[TASK TO COMPLETE]
Output only the lines from the line holding "Learn How To" through the close of the records, exactly as they appear, with all pictures omitted.

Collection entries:
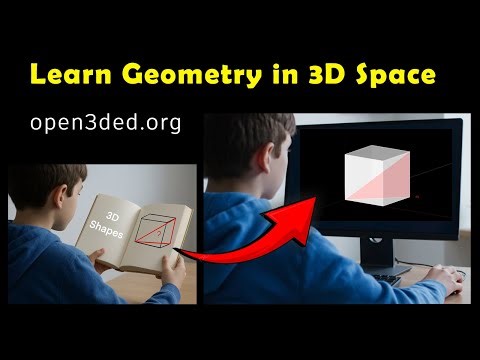 Learn Geometry in 3D Space #open3ded#Geometry #STEM #3Dlearning #MathEducation#mathtutorial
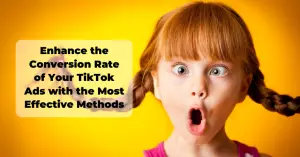Enhance the Conversion Rate of Your TikTok Ads with the Most Effective Methods - Blog Featured - Quinn Marketing Blog Post Image File
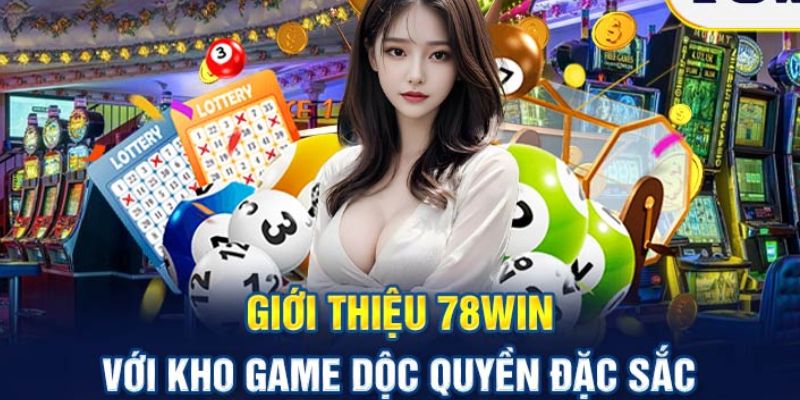 Lợi ích hấp dẫn khi đăng ký 78Win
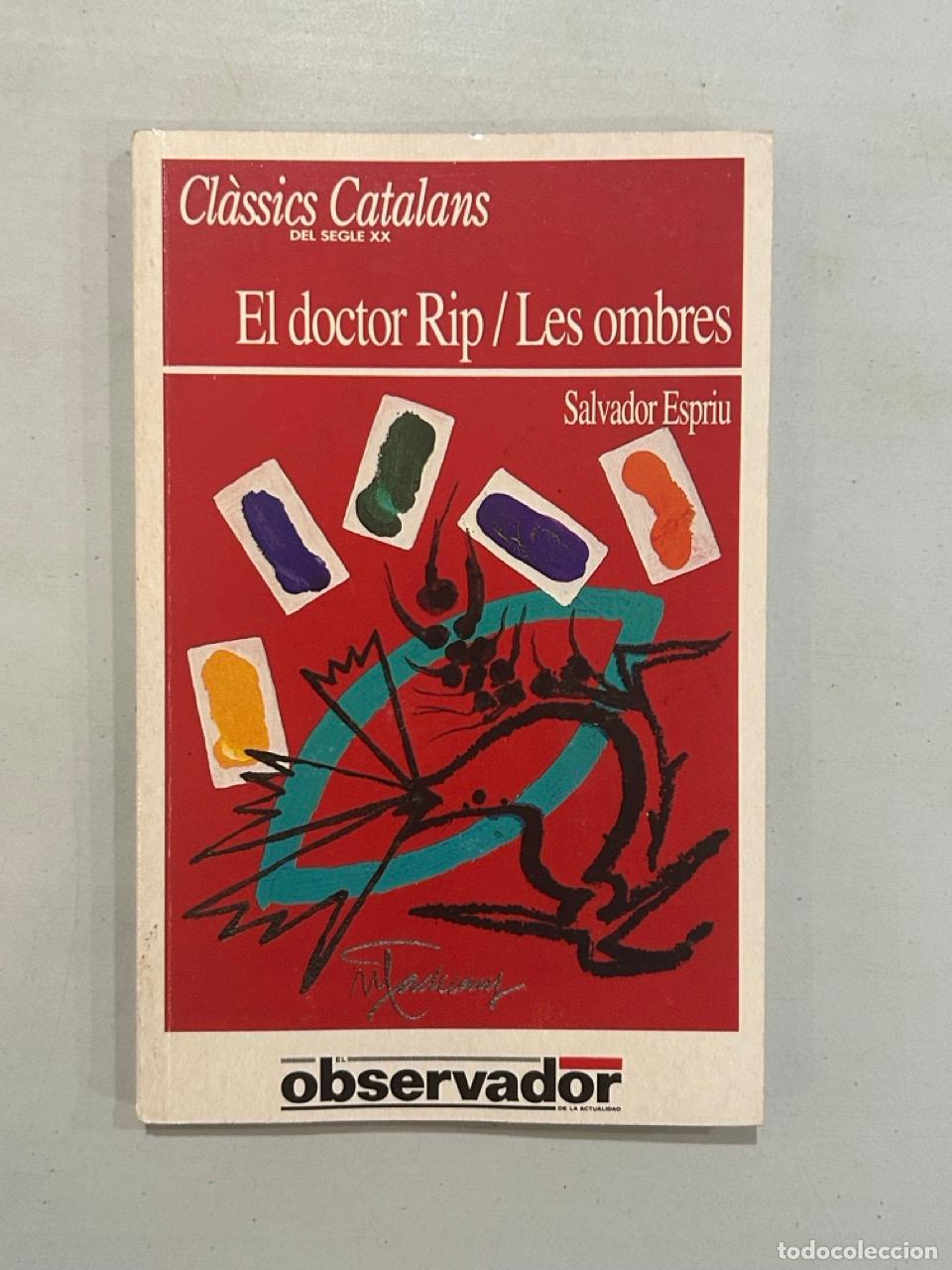 B&uuml;cher: Salvador Espriu - El doctor Rip / Les ombres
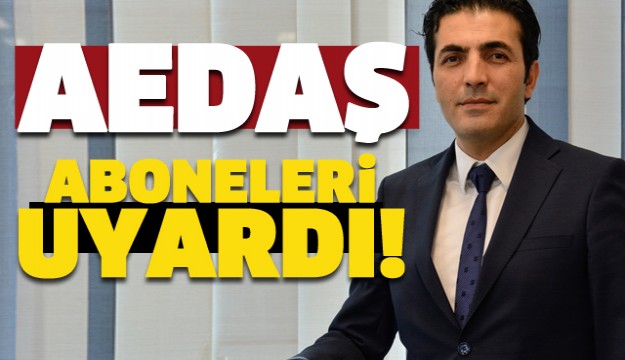 ​AEDAŞ ABONELERİ UYARDI...
 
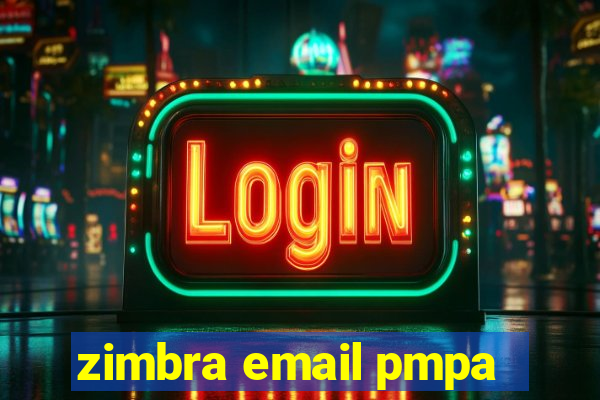 zimbra email pmpa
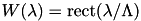 $ W(\lambda) = \operatorname{rect}(\lambda/\Lambda) $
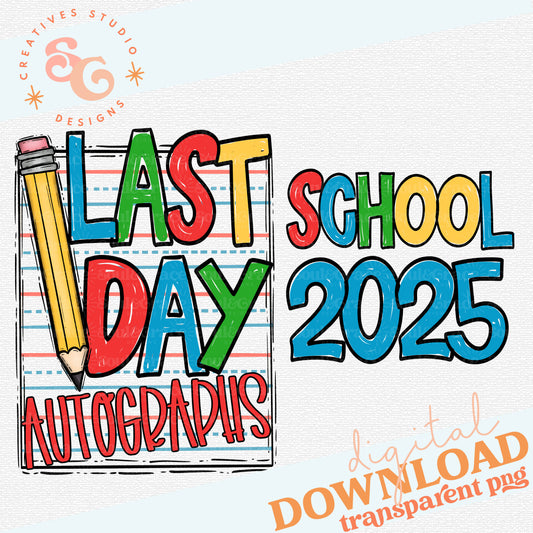 Last Day of School Autographs Set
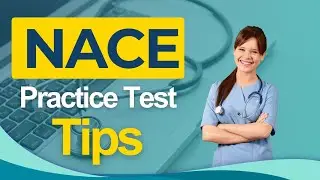 NACE Test Training Tips 2026 Nursing Acceleration Challenge Exam - ALL You Need to Know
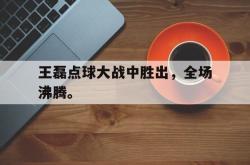 乐鱼百家乐-王磊点球大战中胜出，全场沸腾。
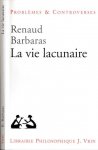 Barbaras, Renaud. - La Vie lacunaire.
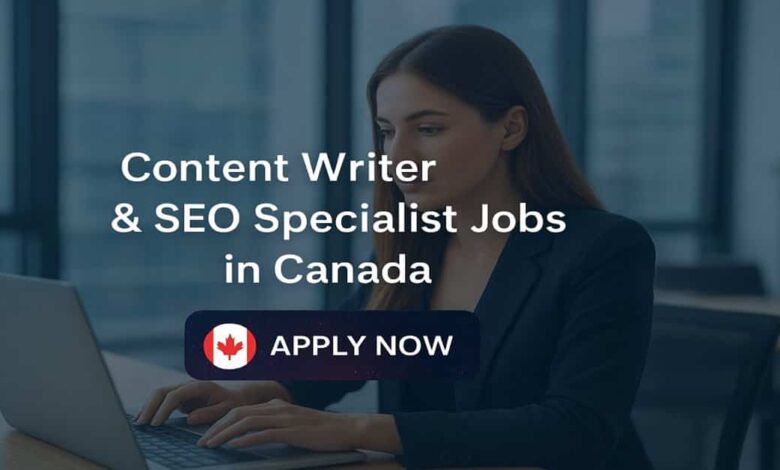 Content Writer & SEO Specialist Jobs in Canada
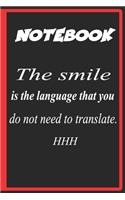 The smile is the language that you do not need to translate, Notebook / Journal / Diary / Notepad, funny Gardener joke
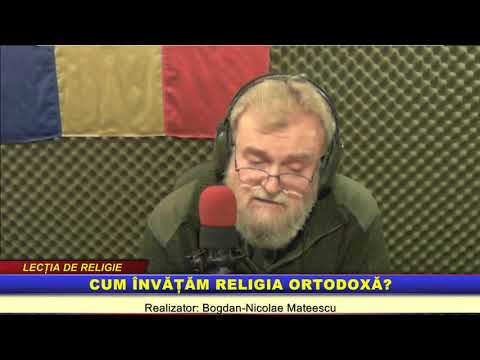 “Lecţia de religie” – Cum învățăm ortodoxia?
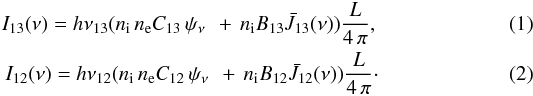 Mathematical equation: \begin{eqnarray} I_{13}(\nu) = h \nu_{13} ( n_{\rm i}\, n_{\rm e} C_{13}\, \psi_\nu\ \,+\, n_{\rm i} B_{13} \bar J_{13}(\nu)) \frac{L}{4\, \pi}\label{Inteq1} ,\\ I_{12}(\nu) = h \nu_{12} ( n_{\rm i}\, n_{\rm e} C_{12}\, \psi_\nu\ \,+\, n_{\rm i} B_{12} \bar J_{12}(\nu)) \frac{L} {4\, \pi }\label{Inteq2} \cdot \end{eqnarray}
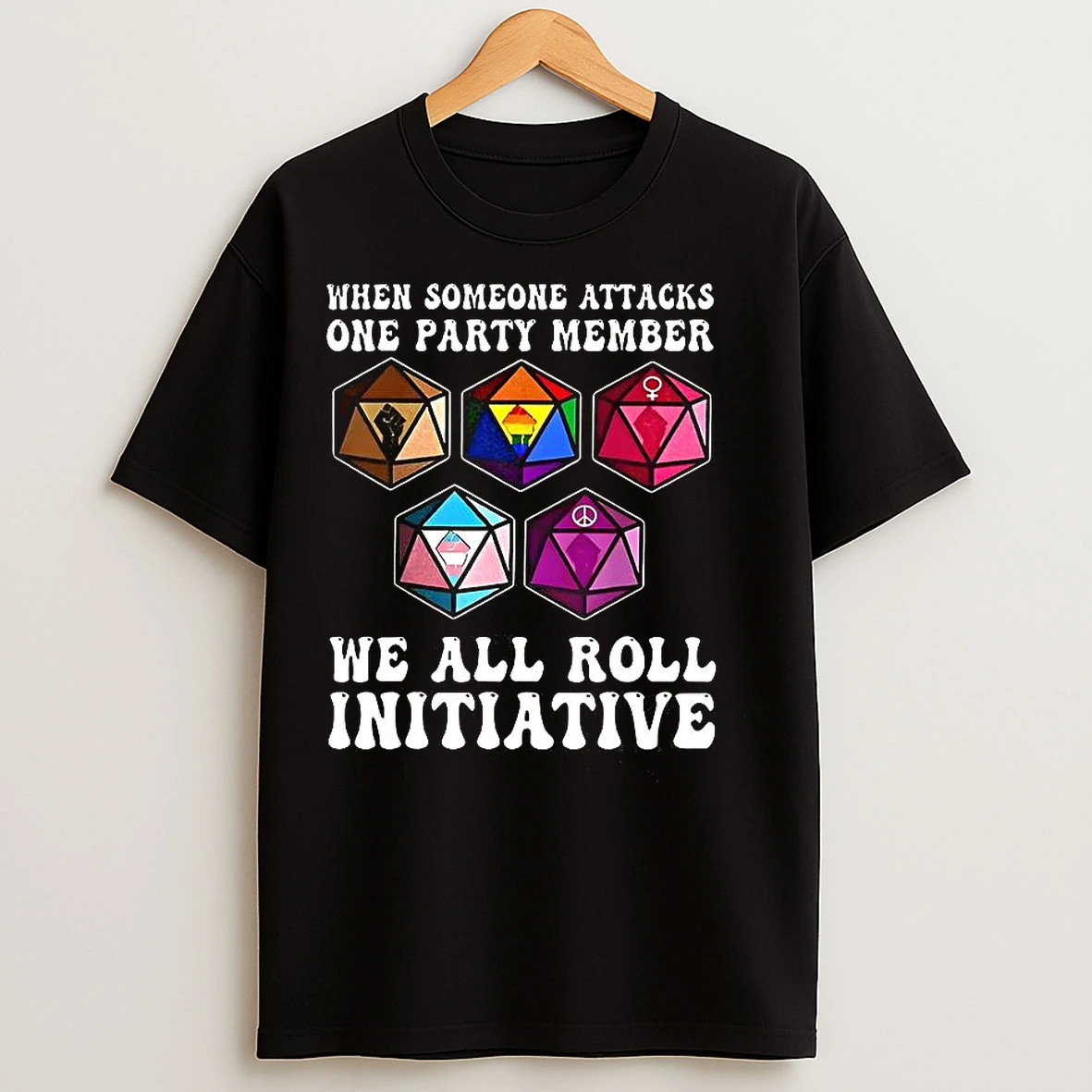 Classic When Someone Attacks One Party Member We All Roll Initiative Dice Dungeon And Dragon T Shirts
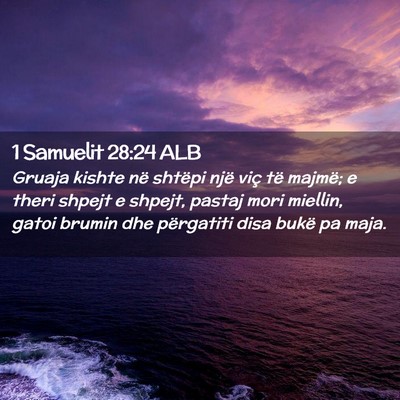 Picture 02 - 1 Samuelit 28:24 ALB - Gruaja kishte në shtëpi një viç të majmë; e - Bible Verse Picture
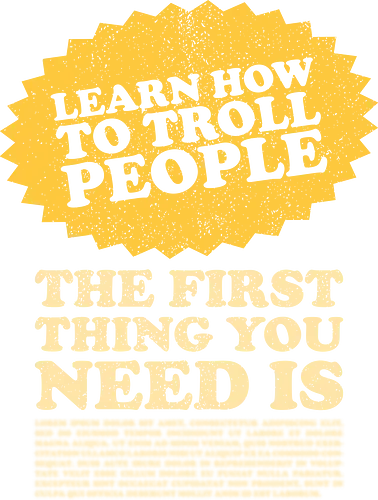 Learn How To Troll People - funny, gamer, gaming, geek, humor, internet, internet humor, internet memes, internet troll, memes, sarcasm, sarcastic, troll, trolling, video game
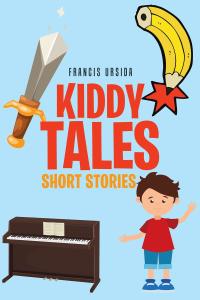 Cover image: Kiddy Tales 9781640826274
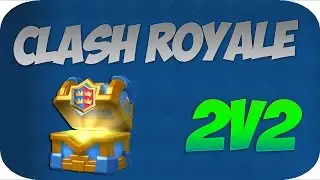 CLASH ROYALE 2V2 | CLASH ROYALE CLAN BATTLES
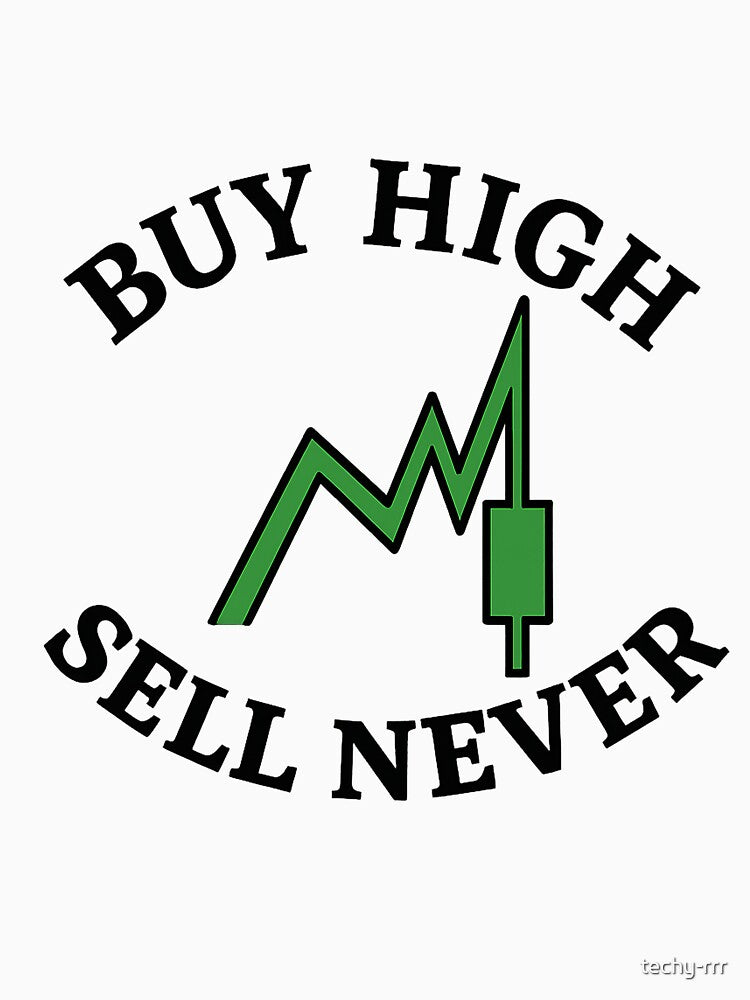 Buy High Sell Never – Ultimate Trader Copium Badge by techy-rrr T-Shirts, Hoodie, Sweatshirt | BlankRebels.com (Image 3)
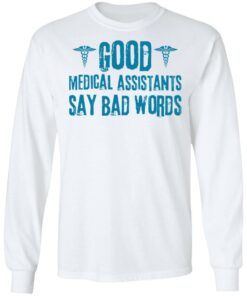 Good medical assistants say bad words shirt Shirt Sweatshirt Long Sleeve Hoodie Tank Mug – Tally’s Mojos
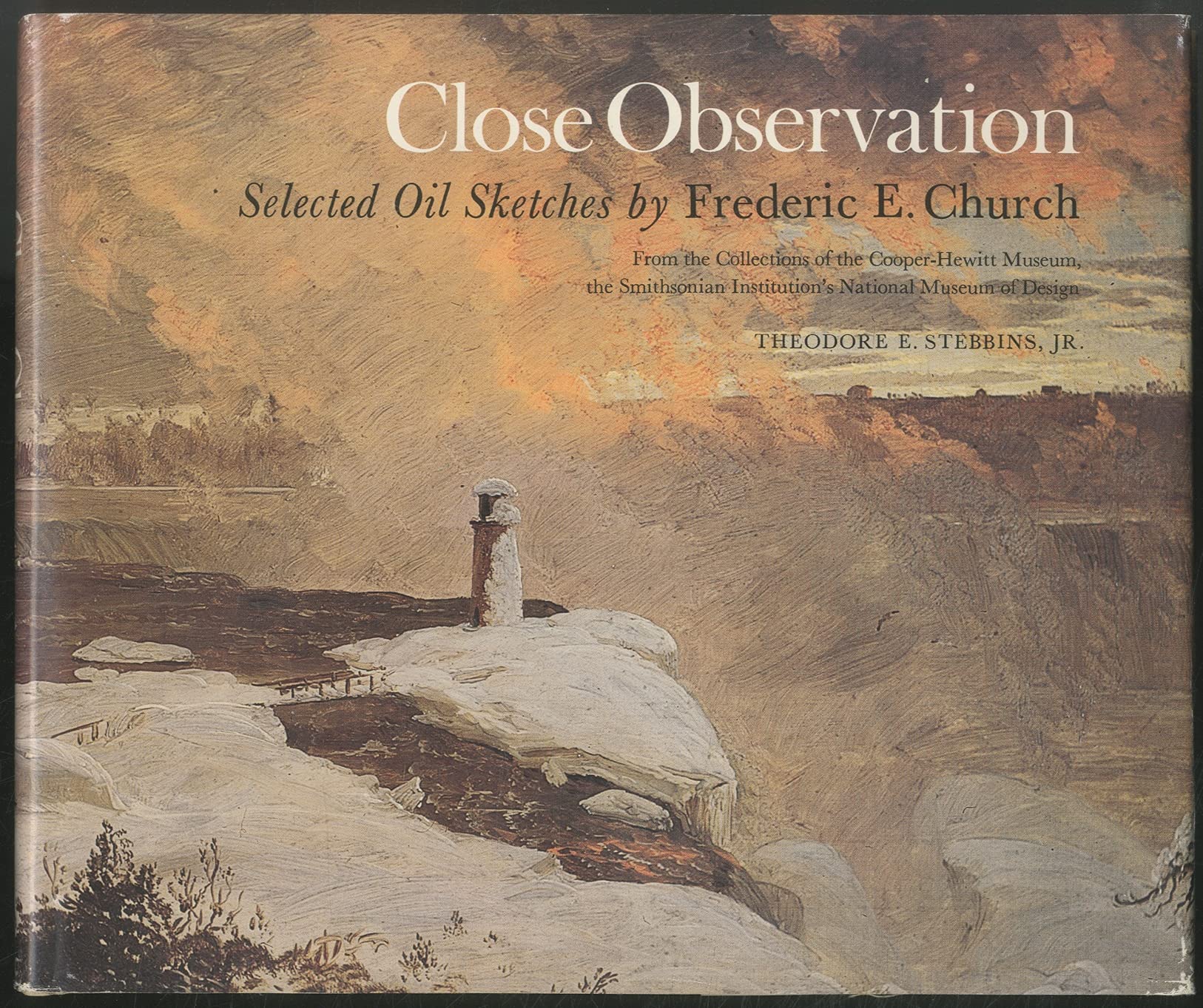 Close Observation: Selected Oil Sketches by Frederic E. Church,Used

[COMPLETED EXERCISE]
 Learn How To Troll People - funny, gamer, gaming, geek, humor, internet, internet humor, internet memes, internet troll, memes, sarcasm, sarcastic, troll, trolling, video game
 Cover image: Kiddy Tales 9781640826274
 CLASH ROYALE 2V2 | CLASH ROYALE CLAN BATTLES
 Buy High Sell Never – Ultimate Trader Copium Badge by techy-rrr T-Shirts, Hoodie, Sweatshirt | BlankRebels.com (Image 3)
 Good medical assistants say bad words shirt Shirt Sweatshirt Long Sleeve Hoodie Tank Mug – Tally’s Mojos
 Close Observation: Selected Oil Sketches by Frederic E. Church,Used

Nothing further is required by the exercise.